With today’s DDoS attacks it really comes down to network protection. It is therefore very important to:

  • Use network analysis tools to capture all the data in one place, although attacks come from a large number of IP addresses, these attacks are fairly homogenous in the IP layer. If you can find a common behavior at the packet level then you can filter out this traffic.
  • Set up alerts to isolate questionable behavior. If you are experiencing a request that requires more data than normal, or the number of users accessing your website suddenly spikes, it might be the beginning of a DDoS attack.

How to Clean-Up the Mess
Having a network recorder with network forensics in place is key to helping you clean up your system. Network forensics is the process of capturing and storing data packet-level network data 24X7 for analysis if a problem occurs. This process gives you a complete picture of the problem and allows you to gain crucial information, including exactly where, and how, the attack was orchestrated. Armed with this knowledge, you can build new rules for intrusion detection and prevention systems (IDS/IPS), or new alarms for the network monitoring and analysis solution, so you’ll be notified at the first sign of a renewed attack.
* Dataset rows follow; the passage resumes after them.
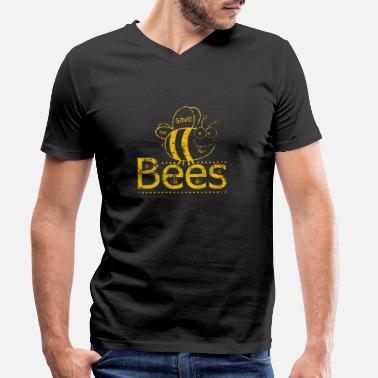 Save The Bees Save the Bees Biene Honig Tierschutz Geschenk - Männer Bio T-Shirt mit V-Ausschnitt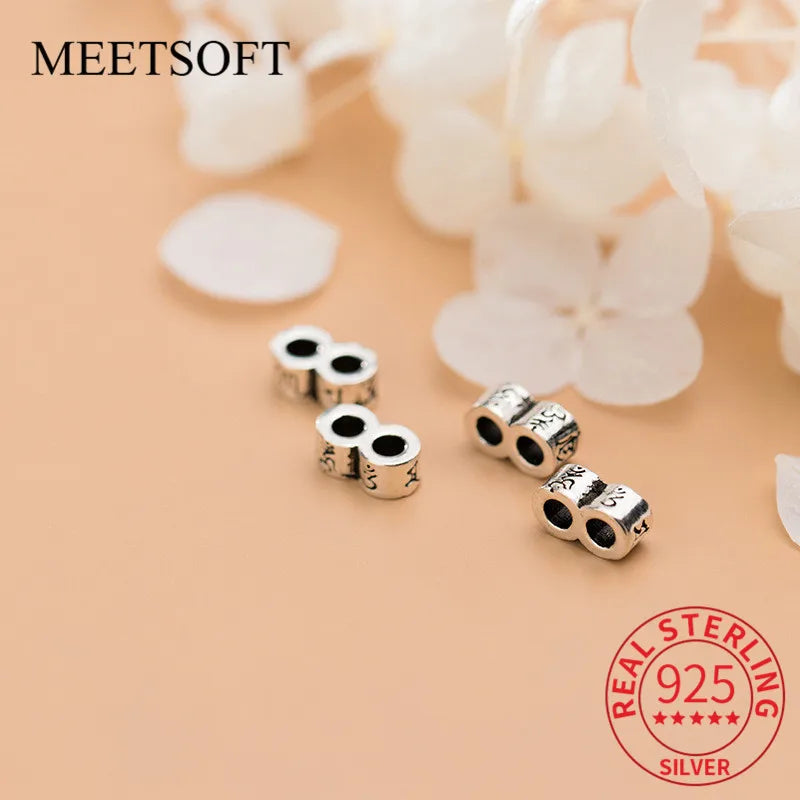 MEETSOFT Trendy 925 Sterling Silver 4mm Double Hole Space Bead Charms Handmade Of DIY Fine Jewelry Necklace wholesale Accessory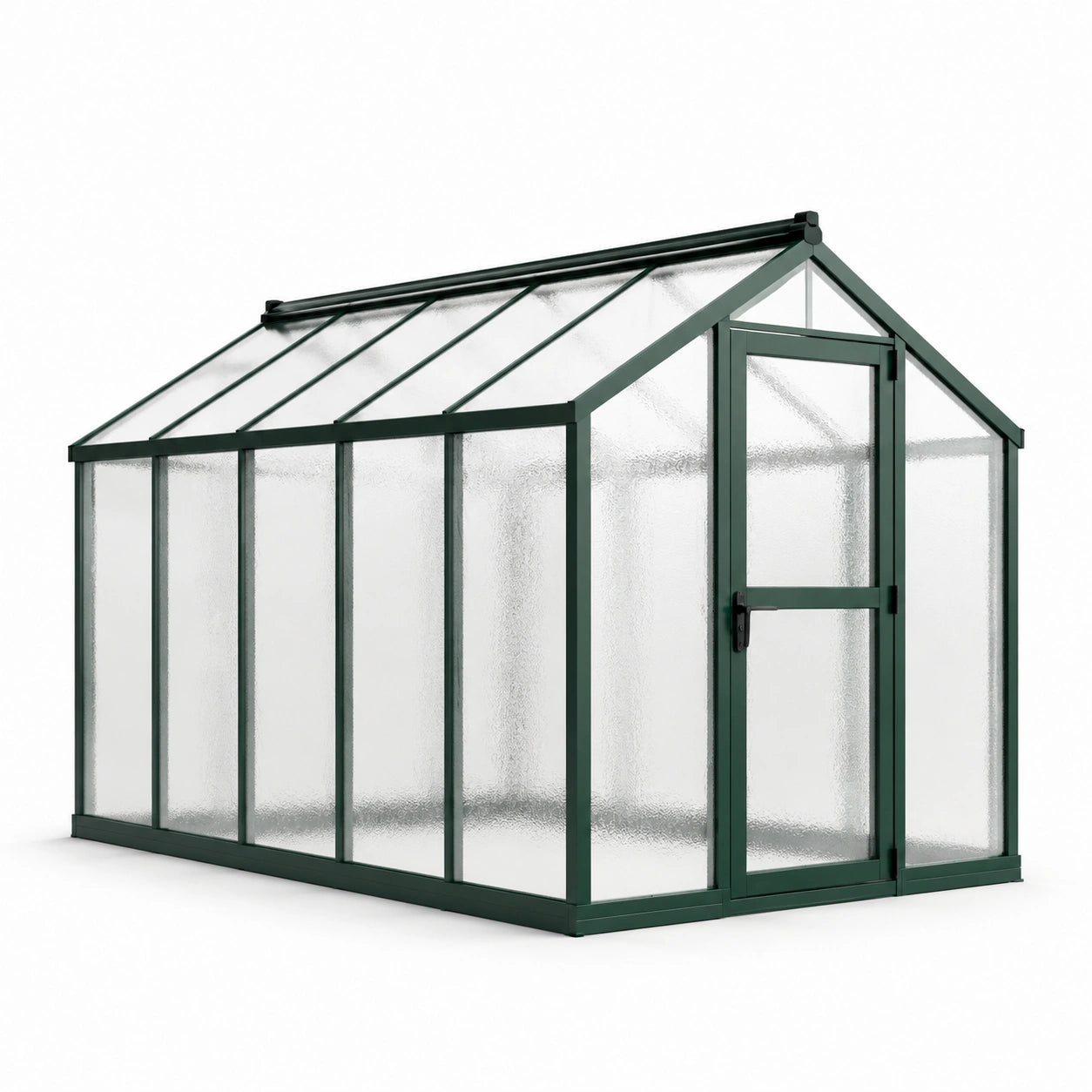 Aluminium Gewächshaus mit Polycarbonat Doppelstegplatten, Grün, 250 cm x 190 cm x 195 cm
If you are interested in learning more about network forensics, check out this Rich Report podcast featuring Jay Botelho, Director of Product Management at WildPackets, here.

DDoS attacks are on the rise and even large banks like Wells Fargo have trouble protecting themselves and reacting to these attacks. To help mitigate some of the headaches, have a game plan in place both for proactively stopping these attacks and cleaning up after these attacks if you are targeted.